I think it does, but all you can do is try. I doubt it does with 100% of dogs so do realize yours might be in the minority where they don't take to it.


----------



## King&Skylar (Jun 3, 2010)

we actually finished a pre agility class about a week ago, and Skylar loved it! she was afraid of the tunnel, but after a while she got used to it, still doesn't love it but tolerates it, haha- i think it's the sound it makes when she runs through. but she loves the teeters, wobble board etc. so we're going on to level 1 agility in March.


----------



## BowWowMeow (May 7, 2007)

I've done agility with several shy dogs and it was a huge confidence booster for them. Just make sure that the instructor understands and is supportive of letting her go at her own pace. 

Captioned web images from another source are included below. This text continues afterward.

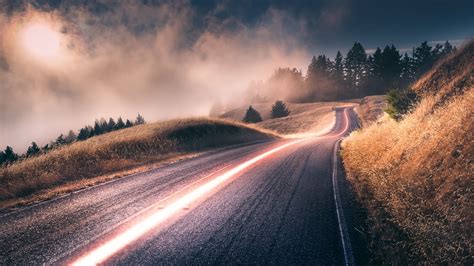 Online crop | gray asphalt road near trees digital wallpaper, nature, landscape, long exposure ...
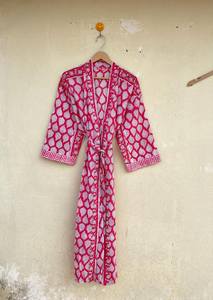 Bata Kimono con Estampado de Dibujos Animados para Mujer, 100% Algodón, Camisón de Verano Hecho a Mano, Cuello en V, Cintura Elástica, Largo hasta la Rodilla - Product Image 5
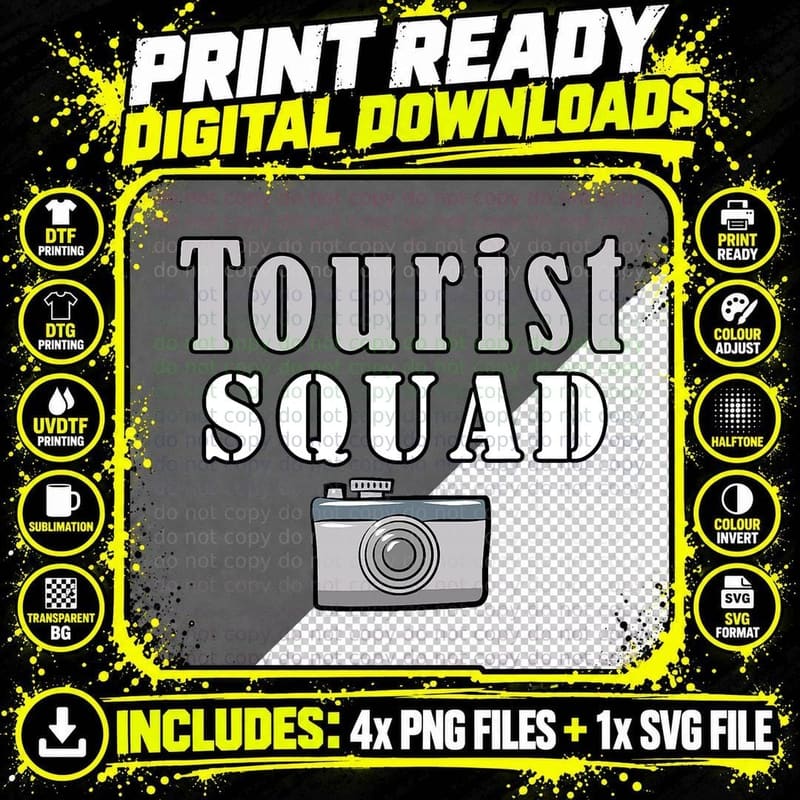 Tourist Squad Camera Souvenir Vacation Travel Retro Png SVG Digital Bundle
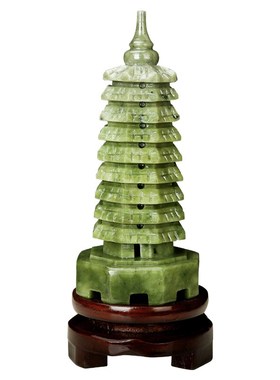 天然玉石雕刻文昌塔玉器工艺品九层十三层文昌塔玉石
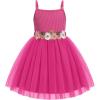Arshiner Toddler Tulle Dress Summer Spaghetti Strap Party Tutu Flower Girl Dresses with Belt 3-8Y(Hot Pink)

When Basu started classes his entire focus for the first 6 weeks was leaving the room! When he went through Advanced class he was a pro and his entire focus was doing what we wanted so that he could get the treat!


----------



## MaggieRoseLee (Aug 17, 2001)

King&Skylar said:


> we actually finished a pre agility class about a week ago, and Skylar loved it! she was afraid of the tunnel, but after a while she got used to it, still doesn't love it but tolerates it, haha- i think it's the sound it makes when she runs through. but she loves the teeters, wobble board etc. so we're going on to level 1 agility in March.


Glad to hear it went so well! 

Is he toy driven at all? Cause a great way to get them to love love love the tunnel is by adding the toy as they exit. Balls rolling out and away as they exit are ideal. But if they only like treats a larger piece (that they can see) rolled out and away as they exit is also very motivating and drive building...


----------



## King&Skylar (Jun 3, 2010)

MaggieRoseLee said:


> Glad to hear it went so well!
> 
> Is he toy driven at all? Cause a great way to get them to love love love the tunnel is by adding the toy as they exit. Balls rolling out and away as they exit are ideal. But if they only like treats a larger piece (that they can see) rolled out and away as they exit is also very motivating and drive building...


 
wow, what a great idea, thanks! she is VERY ball driven, i never would have thought of that! I actually bought a tunnel for her to practice at home, so we'll try that!


----------



## Deuce (Oct 14, 2010)

Good thread idea. I've been thinking about getting into it with Deuce but he's shy, too. He's OK with other dogs but is just like the OP's dog, he doesn't want strangers to reach out to touch/pet him.


----------